The frantic Duer begged Hamilton to block a suit that would cripple his power to borrow. For the secretary of the treasury, it was a painful clash between private friendship and public duty. Hamilton met the test, grimly consigning Duer to his fate: “Tis time there should be a line of separation between honest men and knaves.”
On March 9, 1792, Duer failed to meet a number of payments on loans, and his paper pyramid began to crumble. He claimed that the notes had been issued by his agent in his absence and required “investigation.” No one believed a word of this, but it bought Duer a little more time.

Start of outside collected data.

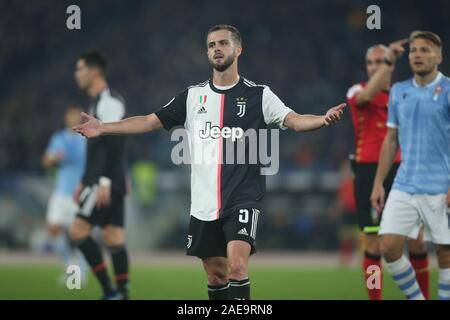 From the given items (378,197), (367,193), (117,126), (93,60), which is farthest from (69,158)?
(378,197)

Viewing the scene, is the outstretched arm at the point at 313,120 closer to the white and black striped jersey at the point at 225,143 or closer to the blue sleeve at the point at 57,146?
the white and black striped jersey at the point at 225,143

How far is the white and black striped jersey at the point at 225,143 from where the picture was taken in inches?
236

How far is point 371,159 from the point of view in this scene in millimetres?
7746

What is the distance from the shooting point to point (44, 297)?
9.14 m

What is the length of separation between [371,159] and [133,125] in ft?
8.52

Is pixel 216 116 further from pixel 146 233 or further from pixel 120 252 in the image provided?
pixel 146 233

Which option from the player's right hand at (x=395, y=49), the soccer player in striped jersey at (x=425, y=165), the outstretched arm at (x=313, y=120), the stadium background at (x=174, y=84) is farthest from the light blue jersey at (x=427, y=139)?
the stadium background at (x=174, y=84)

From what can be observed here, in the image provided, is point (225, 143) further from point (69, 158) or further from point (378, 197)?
point (69, 158)

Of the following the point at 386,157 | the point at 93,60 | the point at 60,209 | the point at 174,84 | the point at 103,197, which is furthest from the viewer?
the point at 174,84

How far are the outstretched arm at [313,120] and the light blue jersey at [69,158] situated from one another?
7.03m

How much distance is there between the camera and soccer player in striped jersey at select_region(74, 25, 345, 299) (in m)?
5.98

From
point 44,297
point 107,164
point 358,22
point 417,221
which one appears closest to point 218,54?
point 417,221

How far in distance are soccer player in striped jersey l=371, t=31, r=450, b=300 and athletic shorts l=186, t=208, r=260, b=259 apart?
133cm

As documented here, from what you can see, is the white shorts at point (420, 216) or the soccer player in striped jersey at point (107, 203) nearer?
the white shorts at point (420, 216)
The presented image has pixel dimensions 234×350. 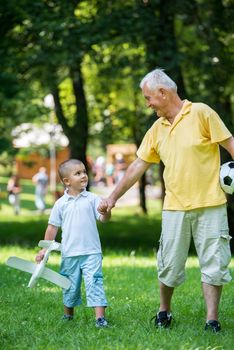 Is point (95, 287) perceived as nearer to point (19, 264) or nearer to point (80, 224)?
point (80, 224)

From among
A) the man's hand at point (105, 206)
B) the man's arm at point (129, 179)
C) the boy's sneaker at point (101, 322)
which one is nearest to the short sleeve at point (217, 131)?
the man's arm at point (129, 179)

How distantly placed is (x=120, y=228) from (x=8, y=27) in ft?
29.6

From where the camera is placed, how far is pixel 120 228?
22.6m

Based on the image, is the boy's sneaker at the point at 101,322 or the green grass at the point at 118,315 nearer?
the green grass at the point at 118,315

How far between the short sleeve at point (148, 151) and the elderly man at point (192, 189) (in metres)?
0.12

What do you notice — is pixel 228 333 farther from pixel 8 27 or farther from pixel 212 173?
pixel 8 27

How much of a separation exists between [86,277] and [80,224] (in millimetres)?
443

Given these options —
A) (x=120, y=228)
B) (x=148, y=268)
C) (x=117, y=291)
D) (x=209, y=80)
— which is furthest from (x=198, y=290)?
(x=120, y=228)

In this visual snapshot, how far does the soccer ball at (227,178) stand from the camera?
601cm

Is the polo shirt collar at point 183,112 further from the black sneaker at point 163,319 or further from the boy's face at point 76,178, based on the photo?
the black sneaker at point 163,319

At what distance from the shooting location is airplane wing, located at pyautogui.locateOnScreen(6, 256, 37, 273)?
6.15 metres

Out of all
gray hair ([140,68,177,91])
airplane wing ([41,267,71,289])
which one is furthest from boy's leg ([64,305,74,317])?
gray hair ([140,68,177,91])

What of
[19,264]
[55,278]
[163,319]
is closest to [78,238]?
[55,278]

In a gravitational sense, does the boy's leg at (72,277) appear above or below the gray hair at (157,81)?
below
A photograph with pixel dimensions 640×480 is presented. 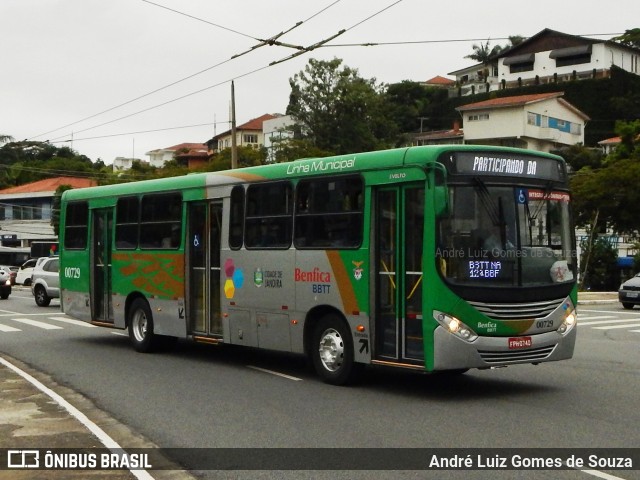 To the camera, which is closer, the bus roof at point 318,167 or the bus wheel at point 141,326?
the bus roof at point 318,167

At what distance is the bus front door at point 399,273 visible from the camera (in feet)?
38.0

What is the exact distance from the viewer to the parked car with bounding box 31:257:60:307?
113 feet

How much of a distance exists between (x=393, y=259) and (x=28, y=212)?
86.4m

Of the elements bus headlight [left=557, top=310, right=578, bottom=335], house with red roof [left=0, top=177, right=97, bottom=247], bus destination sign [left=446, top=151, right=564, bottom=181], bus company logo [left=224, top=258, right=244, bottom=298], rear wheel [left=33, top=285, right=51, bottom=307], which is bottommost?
rear wheel [left=33, top=285, right=51, bottom=307]

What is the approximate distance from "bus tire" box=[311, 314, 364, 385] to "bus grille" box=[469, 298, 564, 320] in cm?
199

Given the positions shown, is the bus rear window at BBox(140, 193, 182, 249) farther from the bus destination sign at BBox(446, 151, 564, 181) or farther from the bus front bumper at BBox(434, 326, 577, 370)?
the bus front bumper at BBox(434, 326, 577, 370)

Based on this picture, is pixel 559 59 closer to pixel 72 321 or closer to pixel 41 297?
pixel 41 297

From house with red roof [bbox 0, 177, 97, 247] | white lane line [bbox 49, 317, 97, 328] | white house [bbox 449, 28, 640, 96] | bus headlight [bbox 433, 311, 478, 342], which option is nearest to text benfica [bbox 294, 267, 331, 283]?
bus headlight [bbox 433, 311, 478, 342]

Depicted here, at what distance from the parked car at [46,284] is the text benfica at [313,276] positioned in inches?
891

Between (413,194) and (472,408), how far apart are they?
2734 millimetres

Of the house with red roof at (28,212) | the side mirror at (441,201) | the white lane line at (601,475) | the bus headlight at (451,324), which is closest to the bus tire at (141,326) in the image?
the bus headlight at (451,324)

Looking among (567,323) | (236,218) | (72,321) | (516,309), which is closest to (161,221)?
(236,218)

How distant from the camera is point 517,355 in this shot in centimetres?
1162

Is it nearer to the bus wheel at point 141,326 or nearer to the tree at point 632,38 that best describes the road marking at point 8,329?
the bus wheel at point 141,326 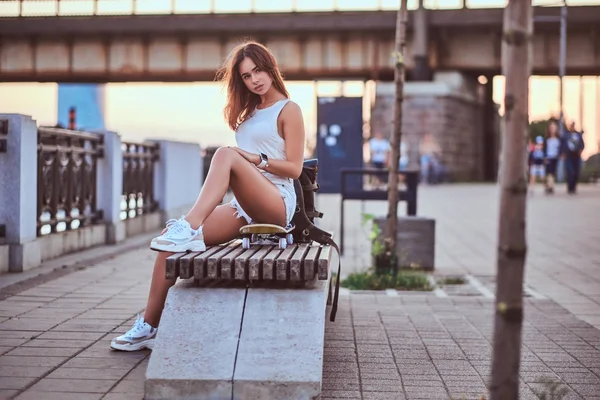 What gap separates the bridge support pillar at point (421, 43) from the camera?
37812 millimetres

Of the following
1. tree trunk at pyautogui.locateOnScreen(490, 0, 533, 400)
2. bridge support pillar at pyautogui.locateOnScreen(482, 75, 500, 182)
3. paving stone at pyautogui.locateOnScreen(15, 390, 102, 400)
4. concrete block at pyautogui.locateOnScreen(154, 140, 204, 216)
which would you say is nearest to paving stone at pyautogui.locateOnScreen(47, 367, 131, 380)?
paving stone at pyautogui.locateOnScreen(15, 390, 102, 400)

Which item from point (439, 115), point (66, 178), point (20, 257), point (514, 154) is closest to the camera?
point (514, 154)

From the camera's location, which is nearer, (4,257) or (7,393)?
(7,393)

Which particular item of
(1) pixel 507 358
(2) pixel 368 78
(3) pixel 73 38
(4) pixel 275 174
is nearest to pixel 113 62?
(3) pixel 73 38

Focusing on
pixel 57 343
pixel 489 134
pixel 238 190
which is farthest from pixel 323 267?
pixel 489 134

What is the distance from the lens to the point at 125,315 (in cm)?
702

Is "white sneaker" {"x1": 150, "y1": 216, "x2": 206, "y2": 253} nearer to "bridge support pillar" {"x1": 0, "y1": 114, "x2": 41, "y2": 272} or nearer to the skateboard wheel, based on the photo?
the skateboard wheel

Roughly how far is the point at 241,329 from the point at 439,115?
50147mm

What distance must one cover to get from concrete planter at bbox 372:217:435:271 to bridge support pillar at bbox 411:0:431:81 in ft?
91.6

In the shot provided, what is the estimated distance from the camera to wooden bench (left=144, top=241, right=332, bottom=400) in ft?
14.7

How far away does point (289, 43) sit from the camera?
127 ft

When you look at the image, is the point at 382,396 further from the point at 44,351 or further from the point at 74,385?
the point at 44,351

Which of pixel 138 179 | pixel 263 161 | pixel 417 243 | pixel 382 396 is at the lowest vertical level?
pixel 382 396

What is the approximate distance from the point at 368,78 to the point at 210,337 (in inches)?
1468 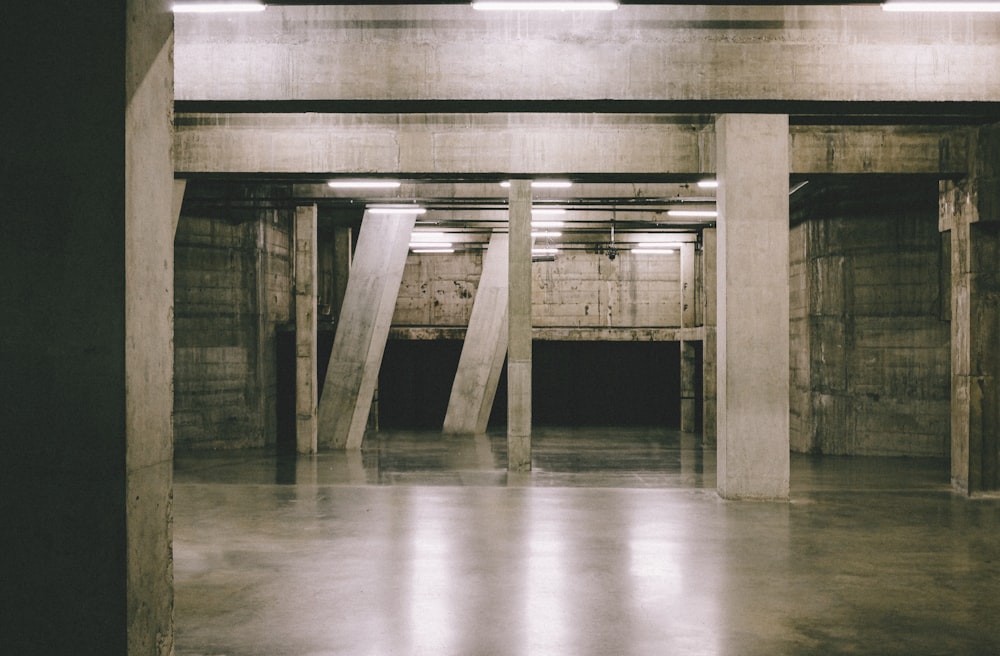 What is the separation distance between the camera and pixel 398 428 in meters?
24.8

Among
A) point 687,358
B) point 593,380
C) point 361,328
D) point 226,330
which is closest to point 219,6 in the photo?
point 361,328

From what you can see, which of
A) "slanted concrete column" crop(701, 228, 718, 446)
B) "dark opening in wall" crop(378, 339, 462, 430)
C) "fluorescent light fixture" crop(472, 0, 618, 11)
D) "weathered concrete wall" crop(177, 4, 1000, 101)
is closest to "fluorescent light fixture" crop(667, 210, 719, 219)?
"slanted concrete column" crop(701, 228, 718, 446)

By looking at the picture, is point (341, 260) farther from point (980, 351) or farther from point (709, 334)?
point (980, 351)

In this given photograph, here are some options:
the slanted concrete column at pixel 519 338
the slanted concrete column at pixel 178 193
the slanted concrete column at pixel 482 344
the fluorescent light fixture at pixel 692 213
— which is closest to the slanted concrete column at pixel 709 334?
the fluorescent light fixture at pixel 692 213

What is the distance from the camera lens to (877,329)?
683 inches

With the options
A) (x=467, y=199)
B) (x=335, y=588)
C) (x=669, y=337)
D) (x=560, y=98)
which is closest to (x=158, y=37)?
(x=335, y=588)

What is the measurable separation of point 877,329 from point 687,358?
23.5ft

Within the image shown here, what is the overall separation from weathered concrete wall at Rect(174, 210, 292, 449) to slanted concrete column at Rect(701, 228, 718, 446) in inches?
462

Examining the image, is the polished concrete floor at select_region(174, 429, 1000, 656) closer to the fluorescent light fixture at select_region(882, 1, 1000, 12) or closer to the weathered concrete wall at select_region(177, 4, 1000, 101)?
the weathered concrete wall at select_region(177, 4, 1000, 101)

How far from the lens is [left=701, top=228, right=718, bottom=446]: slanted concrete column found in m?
21.1

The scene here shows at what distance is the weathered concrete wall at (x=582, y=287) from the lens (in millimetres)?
25688

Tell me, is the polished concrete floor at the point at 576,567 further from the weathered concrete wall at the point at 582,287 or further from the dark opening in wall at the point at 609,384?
the dark opening in wall at the point at 609,384

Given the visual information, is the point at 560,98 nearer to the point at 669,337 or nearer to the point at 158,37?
the point at 158,37

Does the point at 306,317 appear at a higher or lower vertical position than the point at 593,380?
higher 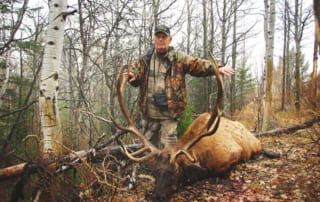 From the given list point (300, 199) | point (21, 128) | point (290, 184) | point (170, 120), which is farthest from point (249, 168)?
point (21, 128)

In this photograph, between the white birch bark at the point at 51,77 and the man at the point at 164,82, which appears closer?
Result: the white birch bark at the point at 51,77

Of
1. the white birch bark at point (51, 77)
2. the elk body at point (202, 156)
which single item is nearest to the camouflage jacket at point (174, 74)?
the elk body at point (202, 156)

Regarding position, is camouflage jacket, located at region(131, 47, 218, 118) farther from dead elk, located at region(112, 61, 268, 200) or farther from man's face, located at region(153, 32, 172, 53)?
dead elk, located at region(112, 61, 268, 200)

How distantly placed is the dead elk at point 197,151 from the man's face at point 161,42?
0.73 m

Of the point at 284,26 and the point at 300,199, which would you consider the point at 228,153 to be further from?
the point at 284,26

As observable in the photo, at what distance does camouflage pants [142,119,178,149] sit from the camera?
413 centimetres

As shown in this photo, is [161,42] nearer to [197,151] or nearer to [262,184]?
[197,151]

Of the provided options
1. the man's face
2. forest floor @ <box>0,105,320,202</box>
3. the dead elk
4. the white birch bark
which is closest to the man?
the man's face

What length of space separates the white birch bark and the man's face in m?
1.28

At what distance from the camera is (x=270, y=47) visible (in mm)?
8188

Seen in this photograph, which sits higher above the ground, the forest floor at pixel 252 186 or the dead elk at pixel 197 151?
the dead elk at pixel 197 151

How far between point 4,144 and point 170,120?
8.53ft

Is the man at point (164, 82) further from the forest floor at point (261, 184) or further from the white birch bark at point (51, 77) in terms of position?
the white birch bark at point (51, 77)

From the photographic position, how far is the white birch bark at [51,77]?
11.9 ft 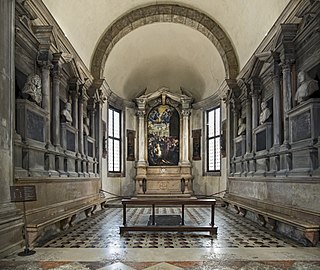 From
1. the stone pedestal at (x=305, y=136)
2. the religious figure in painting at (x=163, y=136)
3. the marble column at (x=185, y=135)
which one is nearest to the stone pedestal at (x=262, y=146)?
the stone pedestal at (x=305, y=136)

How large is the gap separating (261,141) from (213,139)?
7511mm

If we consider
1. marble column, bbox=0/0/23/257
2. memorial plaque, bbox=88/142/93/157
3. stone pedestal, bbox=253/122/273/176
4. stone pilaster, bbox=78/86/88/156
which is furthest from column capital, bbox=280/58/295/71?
memorial plaque, bbox=88/142/93/157

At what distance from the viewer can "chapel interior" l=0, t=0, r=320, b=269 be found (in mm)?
5984

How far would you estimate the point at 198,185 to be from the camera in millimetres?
17906

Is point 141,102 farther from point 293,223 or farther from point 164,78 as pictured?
point 293,223

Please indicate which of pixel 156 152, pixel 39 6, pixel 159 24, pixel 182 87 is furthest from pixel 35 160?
pixel 182 87

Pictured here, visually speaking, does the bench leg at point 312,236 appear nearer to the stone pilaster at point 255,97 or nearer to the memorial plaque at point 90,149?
the stone pilaster at point 255,97

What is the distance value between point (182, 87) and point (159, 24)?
16.7 feet

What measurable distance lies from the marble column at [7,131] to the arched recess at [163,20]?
7.80 metres

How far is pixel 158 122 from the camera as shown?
18.5m

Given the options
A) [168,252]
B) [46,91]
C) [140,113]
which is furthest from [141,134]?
[168,252]

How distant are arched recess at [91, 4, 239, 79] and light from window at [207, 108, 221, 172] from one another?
3893 mm

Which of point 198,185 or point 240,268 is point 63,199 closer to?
point 240,268

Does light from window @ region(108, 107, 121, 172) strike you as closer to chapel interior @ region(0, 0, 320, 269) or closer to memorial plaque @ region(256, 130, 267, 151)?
chapel interior @ region(0, 0, 320, 269) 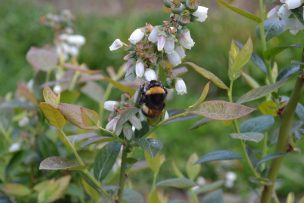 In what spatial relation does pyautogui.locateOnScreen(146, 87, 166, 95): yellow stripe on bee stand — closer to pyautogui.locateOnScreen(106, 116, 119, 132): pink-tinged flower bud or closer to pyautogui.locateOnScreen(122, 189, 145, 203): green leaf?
pyautogui.locateOnScreen(106, 116, 119, 132): pink-tinged flower bud

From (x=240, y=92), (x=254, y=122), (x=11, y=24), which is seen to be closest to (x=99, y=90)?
(x=254, y=122)

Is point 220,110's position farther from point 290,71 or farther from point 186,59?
point 186,59

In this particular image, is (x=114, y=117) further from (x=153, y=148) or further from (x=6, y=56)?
(x=6, y=56)

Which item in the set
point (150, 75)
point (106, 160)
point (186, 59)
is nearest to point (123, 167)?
point (106, 160)

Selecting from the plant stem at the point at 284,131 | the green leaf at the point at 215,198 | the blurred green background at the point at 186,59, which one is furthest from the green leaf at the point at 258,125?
the blurred green background at the point at 186,59

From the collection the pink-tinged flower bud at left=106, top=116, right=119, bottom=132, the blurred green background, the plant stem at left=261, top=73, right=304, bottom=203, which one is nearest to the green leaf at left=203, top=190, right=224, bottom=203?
the plant stem at left=261, top=73, right=304, bottom=203

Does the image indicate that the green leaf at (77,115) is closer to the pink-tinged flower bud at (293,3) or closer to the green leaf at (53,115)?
the green leaf at (53,115)

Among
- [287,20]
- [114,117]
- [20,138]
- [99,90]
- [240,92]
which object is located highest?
[287,20] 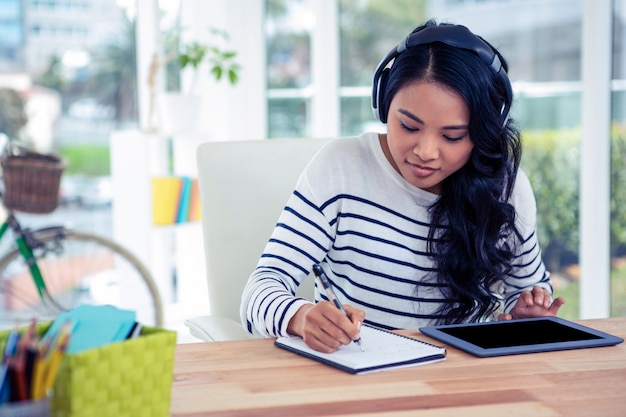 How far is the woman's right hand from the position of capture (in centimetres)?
109

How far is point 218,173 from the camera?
1.59 m

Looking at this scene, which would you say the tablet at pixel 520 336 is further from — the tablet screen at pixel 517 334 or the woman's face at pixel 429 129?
the woman's face at pixel 429 129

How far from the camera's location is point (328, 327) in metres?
1.10

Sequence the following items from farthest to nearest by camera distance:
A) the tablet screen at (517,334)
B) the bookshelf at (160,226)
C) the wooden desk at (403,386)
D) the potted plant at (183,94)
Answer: the potted plant at (183,94), the bookshelf at (160,226), the tablet screen at (517,334), the wooden desk at (403,386)

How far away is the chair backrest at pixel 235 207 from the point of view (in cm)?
159

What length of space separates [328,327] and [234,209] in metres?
0.56

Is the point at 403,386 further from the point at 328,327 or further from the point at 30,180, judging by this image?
the point at 30,180

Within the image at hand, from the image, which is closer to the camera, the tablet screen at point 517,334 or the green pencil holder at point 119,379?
the green pencil holder at point 119,379

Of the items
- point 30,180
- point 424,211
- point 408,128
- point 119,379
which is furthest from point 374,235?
point 30,180

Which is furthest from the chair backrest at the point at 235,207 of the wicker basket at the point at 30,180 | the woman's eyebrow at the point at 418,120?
the wicker basket at the point at 30,180

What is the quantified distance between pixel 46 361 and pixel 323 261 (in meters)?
0.96

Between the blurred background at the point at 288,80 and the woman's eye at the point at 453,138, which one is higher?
the blurred background at the point at 288,80

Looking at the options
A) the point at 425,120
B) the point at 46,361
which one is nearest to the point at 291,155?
the point at 425,120

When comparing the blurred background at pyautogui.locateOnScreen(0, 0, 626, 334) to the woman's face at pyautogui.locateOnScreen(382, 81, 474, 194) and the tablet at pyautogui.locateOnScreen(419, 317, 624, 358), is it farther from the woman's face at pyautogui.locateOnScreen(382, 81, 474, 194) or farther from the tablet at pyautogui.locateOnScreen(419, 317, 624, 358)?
the tablet at pyautogui.locateOnScreen(419, 317, 624, 358) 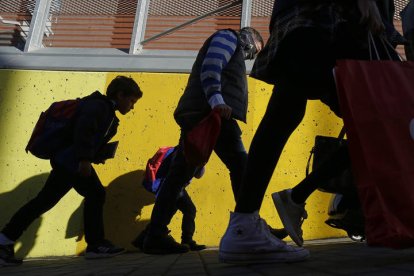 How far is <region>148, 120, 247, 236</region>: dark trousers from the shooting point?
2506mm

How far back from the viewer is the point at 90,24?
5227mm

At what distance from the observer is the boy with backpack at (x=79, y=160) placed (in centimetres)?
288

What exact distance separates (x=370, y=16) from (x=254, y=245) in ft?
2.96

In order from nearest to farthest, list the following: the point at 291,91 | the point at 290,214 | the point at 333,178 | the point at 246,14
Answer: the point at 291,91
the point at 290,214
the point at 333,178
the point at 246,14

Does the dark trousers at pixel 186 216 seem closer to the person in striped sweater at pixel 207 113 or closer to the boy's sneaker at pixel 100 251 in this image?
the boy's sneaker at pixel 100 251

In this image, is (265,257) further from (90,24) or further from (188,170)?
(90,24)

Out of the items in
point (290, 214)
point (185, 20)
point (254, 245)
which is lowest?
point (254, 245)

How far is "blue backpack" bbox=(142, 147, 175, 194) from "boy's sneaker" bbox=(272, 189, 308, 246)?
1822 millimetres

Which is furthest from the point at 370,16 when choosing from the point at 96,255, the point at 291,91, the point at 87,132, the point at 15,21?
the point at 15,21

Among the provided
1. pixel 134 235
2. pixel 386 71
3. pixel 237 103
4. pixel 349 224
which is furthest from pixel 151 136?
pixel 386 71

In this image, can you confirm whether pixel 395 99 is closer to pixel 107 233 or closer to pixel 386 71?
pixel 386 71

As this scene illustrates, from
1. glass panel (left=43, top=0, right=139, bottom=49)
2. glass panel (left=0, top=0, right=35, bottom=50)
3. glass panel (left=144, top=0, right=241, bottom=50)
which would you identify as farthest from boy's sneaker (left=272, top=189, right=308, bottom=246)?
glass panel (left=0, top=0, right=35, bottom=50)

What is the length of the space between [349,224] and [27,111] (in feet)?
11.2

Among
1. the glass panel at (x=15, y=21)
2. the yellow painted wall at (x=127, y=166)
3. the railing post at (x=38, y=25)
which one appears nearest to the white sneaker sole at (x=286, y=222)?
the yellow painted wall at (x=127, y=166) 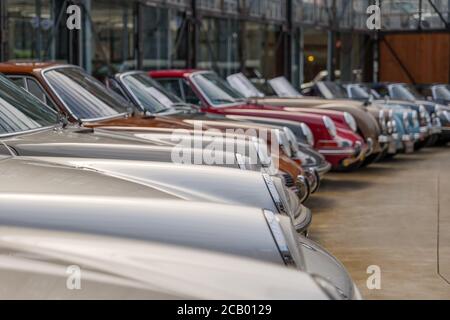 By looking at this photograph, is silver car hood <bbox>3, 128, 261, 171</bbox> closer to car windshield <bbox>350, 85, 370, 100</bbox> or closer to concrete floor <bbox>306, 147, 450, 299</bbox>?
concrete floor <bbox>306, 147, 450, 299</bbox>

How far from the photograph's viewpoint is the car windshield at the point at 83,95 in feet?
24.5

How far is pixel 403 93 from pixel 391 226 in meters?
12.6

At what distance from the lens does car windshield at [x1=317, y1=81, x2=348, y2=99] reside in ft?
57.2

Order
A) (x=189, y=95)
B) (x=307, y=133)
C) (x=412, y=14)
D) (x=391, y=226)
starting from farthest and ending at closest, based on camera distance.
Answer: (x=412, y=14), (x=189, y=95), (x=307, y=133), (x=391, y=226)

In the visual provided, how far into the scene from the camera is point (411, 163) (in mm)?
15102

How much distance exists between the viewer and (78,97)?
7.62 metres

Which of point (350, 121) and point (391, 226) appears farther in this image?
point (350, 121)

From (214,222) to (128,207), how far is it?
31 centimetres

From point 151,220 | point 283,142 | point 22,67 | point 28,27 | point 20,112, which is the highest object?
point 28,27

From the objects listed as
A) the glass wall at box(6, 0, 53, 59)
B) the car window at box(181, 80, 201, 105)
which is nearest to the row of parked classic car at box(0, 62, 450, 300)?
the car window at box(181, 80, 201, 105)

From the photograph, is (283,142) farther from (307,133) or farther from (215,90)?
(215,90)

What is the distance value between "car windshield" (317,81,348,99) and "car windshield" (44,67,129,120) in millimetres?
9573

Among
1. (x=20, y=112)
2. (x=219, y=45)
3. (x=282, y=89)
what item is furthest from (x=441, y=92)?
(x=20, y=112)

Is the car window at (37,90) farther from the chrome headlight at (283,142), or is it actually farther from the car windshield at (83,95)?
the chrome headlight at (283,142)
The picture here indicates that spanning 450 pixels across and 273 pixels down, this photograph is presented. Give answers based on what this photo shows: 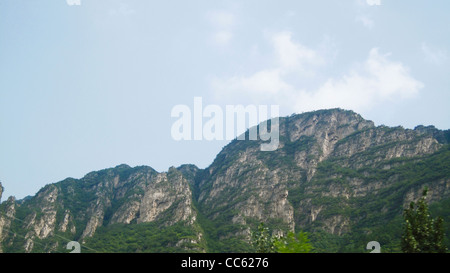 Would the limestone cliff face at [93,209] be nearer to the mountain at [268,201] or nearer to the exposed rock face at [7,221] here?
the exposed rock face at [7,221]

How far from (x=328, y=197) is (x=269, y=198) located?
25514mm

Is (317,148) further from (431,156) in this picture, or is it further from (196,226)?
(196,226)

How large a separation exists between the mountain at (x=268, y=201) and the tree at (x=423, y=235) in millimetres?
55862

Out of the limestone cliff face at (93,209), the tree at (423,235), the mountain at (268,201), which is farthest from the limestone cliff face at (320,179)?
the tree at (423,235)

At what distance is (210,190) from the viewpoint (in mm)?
190375

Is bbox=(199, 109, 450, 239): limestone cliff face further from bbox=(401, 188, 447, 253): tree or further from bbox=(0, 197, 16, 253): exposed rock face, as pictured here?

By March 15, 6 percents were in precipitous decline and deferreds were also showing signs of galloping anemia. The bears were throwing all the stock they could find into the market to accelerate the downward plunge. Duer faced a crescendo of demands for payments of stocks that would soon be delivered, and the falling market combined with the government’s lawsuit made it impossible for him to raise another cent. He was soon in serious danger of physical harm from what one speculator called “the lower class of his creditors,” who were threatening that if they did not get their money they would “rise to extremities.”
On March 23 Duer took refuge in the city jail—a place to which most debtors went reluctantly, but which he now saw as far safer than his mansion on Broadway. In a letter a New York businessman ticked off the names of a veritable gallery of top merchants to whom Duer owed large sums— $80,000 to one man alone. He also owed “shopkeepers, widows, orphans—butchers, carmen, gardners, market women.” Another writer reported: “The town has rec’d a shock which it will not get over for many years. Men look as if some general calamity had taken place.”